International Journal of Computer Applications |
Foundation of Computer Science (FCS), NY, USA |
Volume 91 - Number 10 |
Year of Publication: 2014 |
Authors: T. Abirami, P. Priakanth |
10.5120/15915-4783 |
T. Abirami, P. Priakanth . Energy Efficient Wireless Sensor Network using Genetic Algorithm based Association Rules. International Journal of Computer Applications. 91, 10 ( April 2014), 8-12. DOI=10.5120/15915-4783
Wireless Sensor Networks (WSN) usually contains thousands or hundreds of sensors which are randomly deployed. Sensors are powered by battery, which is an important issue in sensor networks, since routing consumes a lot of energy. Such nodes are deployed in thousands to form a network with capacity to report to a data collection sink (base station). An efficient routing scheme in sensor network is also important. Networking unattended sensor nodes are expected to have significant impact on the efficiency of many military and civil applications such as combat field surveillance, security and disaster management.
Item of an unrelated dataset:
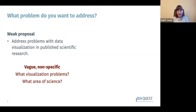The first thing to define in your proposal is the problem that you want to address. In a weak proposal, I might say that I want to address problems with data visualization in published scientific research. The problem with this answer is that it's very vague and nonspecific — I don't know what visualization problems I'm interested in exploring or what area of science I might be studying.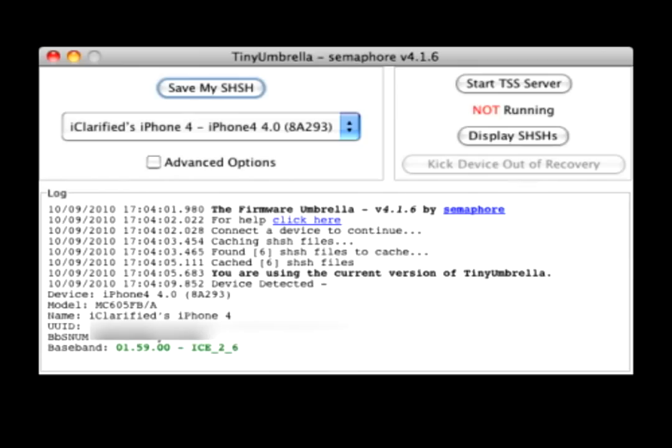Step 3: Make sure the device is connected, and TinyUmbrella has detected the type of device and its firmware.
Genetic algorithm (GA) based data aggregation trees are used where the sensors receive data from neighboring nodes, aggregate the incoming data packets, and forward the aggregated data to a suitable neighbor. GA is used to create energy efficient data aggregation trees. In this work, the amount of data sent to sink is reduced using association rule mining and in turn to further reduce the energy consumption of the network; optimal routes are chosen to transmit data to the sink based on energy consumption. The proposed method is able to discover the association rules to make predictive analysis on node failure, asymmetric links. The rules found form the basis for coding solutions in the proposed genetic algorithm. GA is applied to generate balanced and energy efficient data aggregation spanning trees for wireless sensor networks. E-Span, which is an energy-aware spanning tree algorithm and Lifetime-Preserving Tree (LPT) are used to create data aggregation trees. The proposed GA extends network lifetime.